--- Work request ---
Only the images are to be dropped; the records themselves must be repeated exactly.

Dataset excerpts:
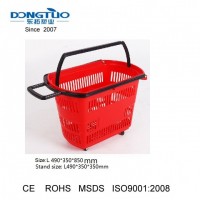 Shopping Trolley, Pl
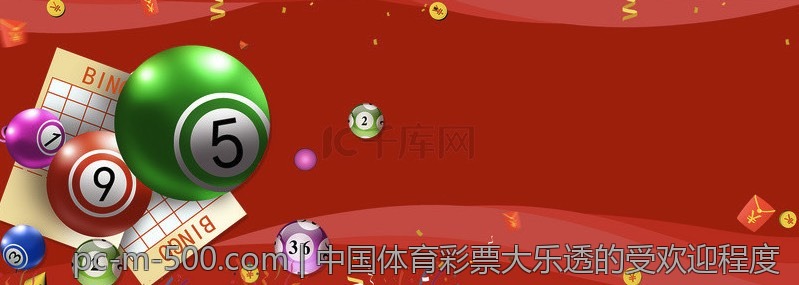 中国体育彩票大乐透的受欢迎程度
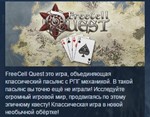 FreeCell Quest *STEAM KEY REGION FREE GLOBAL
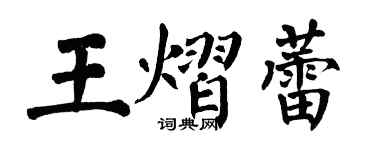 翁闿运王熠蕾楷书个性签名怎么写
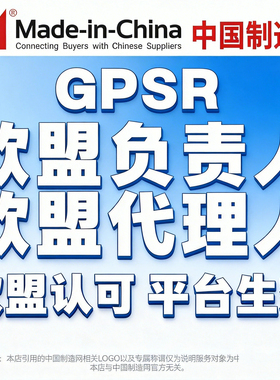 GPSR欧盟责任人代办中国制造网合规渠道审核商务服务不过包退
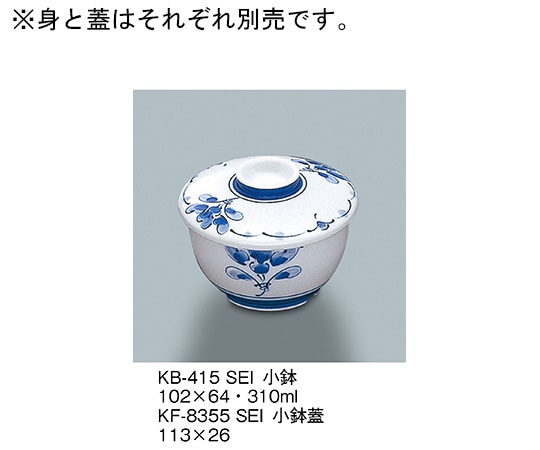 三信化工 小鉢 青風 KB-415_SEI 1個(ご注文単位1個)【直送品】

--- Final answer ---
 Shopping Trolley, Pl
 中国体育彩票大乐透的受欢迎程度
 FreeCell Quest *STEAM KEY REGION FREE GLOBAL
 翁闿运王熠蕾楷书个性签名怎么写
 GPSR欧盟责任人代办中国制造网合规渠道审核商务服务不过包退
 三信化工 小鉢 青風 KB-415_SEI 1個(ご注文単位1個)【直送品】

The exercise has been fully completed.